• _Task directions_: Your answer should consist only of the lines below from the one with "Prof. Fal: niewiele" through the one with "Breathtaking Harbourside Views", copied exactly.

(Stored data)
== == ==

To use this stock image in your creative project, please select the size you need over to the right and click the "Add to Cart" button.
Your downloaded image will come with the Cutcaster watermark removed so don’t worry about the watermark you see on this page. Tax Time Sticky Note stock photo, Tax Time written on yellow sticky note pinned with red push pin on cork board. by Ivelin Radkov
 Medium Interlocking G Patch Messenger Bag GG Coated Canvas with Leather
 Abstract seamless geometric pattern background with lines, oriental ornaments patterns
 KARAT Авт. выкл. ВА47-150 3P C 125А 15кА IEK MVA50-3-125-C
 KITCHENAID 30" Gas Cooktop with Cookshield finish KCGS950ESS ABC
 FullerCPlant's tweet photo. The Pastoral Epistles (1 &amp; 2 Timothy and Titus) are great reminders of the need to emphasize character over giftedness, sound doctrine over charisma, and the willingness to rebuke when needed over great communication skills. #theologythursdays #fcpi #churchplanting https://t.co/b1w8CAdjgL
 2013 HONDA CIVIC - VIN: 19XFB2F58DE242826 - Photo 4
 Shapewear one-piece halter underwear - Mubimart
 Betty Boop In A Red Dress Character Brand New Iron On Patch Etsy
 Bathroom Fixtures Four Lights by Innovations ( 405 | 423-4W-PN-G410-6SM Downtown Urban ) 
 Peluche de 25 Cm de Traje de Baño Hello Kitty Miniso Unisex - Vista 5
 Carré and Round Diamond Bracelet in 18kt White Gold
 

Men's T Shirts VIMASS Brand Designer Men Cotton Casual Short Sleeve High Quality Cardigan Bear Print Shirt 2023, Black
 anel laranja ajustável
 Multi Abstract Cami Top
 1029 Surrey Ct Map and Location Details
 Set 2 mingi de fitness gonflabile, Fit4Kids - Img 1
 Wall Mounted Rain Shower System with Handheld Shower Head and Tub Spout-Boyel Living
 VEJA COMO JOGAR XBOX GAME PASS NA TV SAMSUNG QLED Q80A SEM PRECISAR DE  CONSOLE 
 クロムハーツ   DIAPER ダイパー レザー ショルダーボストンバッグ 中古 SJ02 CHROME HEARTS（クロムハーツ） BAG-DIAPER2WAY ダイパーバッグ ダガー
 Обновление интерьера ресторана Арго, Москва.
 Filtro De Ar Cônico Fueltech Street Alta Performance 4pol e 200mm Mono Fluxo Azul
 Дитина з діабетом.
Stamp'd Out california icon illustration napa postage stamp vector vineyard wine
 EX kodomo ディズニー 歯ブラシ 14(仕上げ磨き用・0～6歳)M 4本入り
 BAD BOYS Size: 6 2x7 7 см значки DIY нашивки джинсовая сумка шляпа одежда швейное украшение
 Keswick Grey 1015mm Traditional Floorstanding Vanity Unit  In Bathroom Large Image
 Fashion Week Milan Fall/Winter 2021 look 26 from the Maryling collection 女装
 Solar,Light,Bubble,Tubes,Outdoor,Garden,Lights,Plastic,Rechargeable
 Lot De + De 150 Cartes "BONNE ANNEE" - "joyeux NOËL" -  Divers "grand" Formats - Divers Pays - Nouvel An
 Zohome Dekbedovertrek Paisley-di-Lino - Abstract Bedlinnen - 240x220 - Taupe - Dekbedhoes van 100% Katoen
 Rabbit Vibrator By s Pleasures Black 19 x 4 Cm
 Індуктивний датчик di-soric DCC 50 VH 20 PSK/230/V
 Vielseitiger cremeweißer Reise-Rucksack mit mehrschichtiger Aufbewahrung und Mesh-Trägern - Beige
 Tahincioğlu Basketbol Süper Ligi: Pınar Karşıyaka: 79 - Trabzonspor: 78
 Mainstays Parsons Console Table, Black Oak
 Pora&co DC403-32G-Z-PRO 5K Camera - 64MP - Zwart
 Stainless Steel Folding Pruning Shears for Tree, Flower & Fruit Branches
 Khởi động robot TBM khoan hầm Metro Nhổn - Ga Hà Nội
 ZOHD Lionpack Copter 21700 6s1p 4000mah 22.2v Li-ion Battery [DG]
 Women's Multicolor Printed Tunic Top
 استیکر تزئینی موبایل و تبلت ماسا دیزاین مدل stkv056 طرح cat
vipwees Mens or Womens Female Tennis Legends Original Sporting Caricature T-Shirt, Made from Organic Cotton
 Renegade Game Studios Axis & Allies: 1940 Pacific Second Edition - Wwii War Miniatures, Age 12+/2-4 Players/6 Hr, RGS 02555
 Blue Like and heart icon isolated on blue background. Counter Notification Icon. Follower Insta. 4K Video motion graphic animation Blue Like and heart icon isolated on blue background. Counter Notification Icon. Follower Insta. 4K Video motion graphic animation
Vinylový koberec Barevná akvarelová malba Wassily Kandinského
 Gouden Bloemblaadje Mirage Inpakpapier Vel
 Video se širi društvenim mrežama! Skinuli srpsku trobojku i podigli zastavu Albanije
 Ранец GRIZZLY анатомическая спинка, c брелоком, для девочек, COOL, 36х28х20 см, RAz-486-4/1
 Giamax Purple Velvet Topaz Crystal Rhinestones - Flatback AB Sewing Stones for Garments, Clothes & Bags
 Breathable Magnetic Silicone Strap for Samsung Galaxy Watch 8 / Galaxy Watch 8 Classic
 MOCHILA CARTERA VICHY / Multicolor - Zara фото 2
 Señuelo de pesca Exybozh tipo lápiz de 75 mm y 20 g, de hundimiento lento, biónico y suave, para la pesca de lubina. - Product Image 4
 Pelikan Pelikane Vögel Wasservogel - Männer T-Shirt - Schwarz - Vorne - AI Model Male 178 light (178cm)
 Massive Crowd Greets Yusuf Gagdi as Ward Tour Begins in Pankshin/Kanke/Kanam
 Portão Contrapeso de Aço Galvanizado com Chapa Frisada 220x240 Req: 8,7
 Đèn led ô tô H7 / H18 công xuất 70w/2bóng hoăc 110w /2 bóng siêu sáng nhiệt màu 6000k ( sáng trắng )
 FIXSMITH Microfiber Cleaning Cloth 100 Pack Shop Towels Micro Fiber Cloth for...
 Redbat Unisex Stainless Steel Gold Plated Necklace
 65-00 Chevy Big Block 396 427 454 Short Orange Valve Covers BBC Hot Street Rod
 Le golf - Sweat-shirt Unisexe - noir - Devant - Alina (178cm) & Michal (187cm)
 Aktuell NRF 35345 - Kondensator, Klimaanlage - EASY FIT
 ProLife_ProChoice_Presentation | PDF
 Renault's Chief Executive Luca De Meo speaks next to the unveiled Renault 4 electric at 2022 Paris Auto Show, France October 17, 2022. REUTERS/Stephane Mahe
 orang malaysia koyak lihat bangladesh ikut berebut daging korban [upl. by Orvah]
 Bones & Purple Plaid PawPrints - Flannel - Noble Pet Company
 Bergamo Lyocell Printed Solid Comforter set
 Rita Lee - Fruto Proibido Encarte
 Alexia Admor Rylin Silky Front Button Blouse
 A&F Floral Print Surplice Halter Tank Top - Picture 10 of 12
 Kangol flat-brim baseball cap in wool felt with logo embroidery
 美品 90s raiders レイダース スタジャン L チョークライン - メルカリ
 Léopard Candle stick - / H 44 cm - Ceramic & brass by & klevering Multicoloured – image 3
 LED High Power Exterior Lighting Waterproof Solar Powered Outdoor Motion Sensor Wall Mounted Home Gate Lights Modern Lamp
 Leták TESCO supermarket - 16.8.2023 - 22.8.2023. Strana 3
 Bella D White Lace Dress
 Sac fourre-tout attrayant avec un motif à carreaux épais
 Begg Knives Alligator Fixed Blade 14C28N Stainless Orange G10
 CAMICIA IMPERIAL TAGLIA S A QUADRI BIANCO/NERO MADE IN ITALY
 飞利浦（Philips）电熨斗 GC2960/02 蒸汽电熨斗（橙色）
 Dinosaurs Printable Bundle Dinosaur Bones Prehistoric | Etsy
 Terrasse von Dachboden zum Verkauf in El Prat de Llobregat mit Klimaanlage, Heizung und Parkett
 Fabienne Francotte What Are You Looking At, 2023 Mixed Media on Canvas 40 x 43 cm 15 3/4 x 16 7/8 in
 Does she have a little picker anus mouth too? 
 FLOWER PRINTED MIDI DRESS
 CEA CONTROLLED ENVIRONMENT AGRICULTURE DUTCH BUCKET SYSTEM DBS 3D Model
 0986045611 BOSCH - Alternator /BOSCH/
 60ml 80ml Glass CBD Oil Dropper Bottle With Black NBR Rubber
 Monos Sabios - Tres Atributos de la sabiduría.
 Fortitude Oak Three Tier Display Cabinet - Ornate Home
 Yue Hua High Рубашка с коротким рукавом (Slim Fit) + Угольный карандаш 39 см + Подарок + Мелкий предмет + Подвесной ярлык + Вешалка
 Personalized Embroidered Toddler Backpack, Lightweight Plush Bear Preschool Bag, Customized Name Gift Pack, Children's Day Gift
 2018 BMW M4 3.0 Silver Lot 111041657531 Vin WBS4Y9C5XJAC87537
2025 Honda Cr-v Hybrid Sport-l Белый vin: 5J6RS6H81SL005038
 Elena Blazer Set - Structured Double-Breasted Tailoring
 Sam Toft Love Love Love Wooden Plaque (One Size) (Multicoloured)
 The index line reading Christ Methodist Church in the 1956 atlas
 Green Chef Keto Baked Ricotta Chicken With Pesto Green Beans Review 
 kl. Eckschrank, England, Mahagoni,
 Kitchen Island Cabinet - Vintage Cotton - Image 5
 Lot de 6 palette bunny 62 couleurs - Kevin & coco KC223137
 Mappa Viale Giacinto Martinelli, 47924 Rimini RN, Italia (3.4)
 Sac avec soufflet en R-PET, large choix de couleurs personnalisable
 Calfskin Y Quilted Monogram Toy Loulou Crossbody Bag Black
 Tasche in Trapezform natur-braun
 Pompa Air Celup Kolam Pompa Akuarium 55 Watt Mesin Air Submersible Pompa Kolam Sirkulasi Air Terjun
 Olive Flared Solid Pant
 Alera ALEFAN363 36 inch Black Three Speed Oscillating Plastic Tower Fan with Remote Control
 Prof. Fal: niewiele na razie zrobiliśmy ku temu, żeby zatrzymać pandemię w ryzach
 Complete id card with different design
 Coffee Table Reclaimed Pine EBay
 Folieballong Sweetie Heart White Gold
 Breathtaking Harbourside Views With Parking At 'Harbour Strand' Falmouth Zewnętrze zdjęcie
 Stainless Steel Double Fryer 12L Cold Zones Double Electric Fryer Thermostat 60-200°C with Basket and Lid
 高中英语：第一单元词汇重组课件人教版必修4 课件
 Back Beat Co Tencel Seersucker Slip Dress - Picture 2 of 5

== == ==

• _Reply to the exercise_:
 Prof. Fal: niewiele na razie zrobiliśmy ku temu, żeby zatrzymać pandemię w ryzach
 Complete id card with different design
 Coffee Table Reclaimed Pine EBay
 Folieballong Sweetie Heart White Gold
 Breathtaking Harbourside Views With Parking At 'Harbour Strand' Falmouth Zewnętrze zdjęcie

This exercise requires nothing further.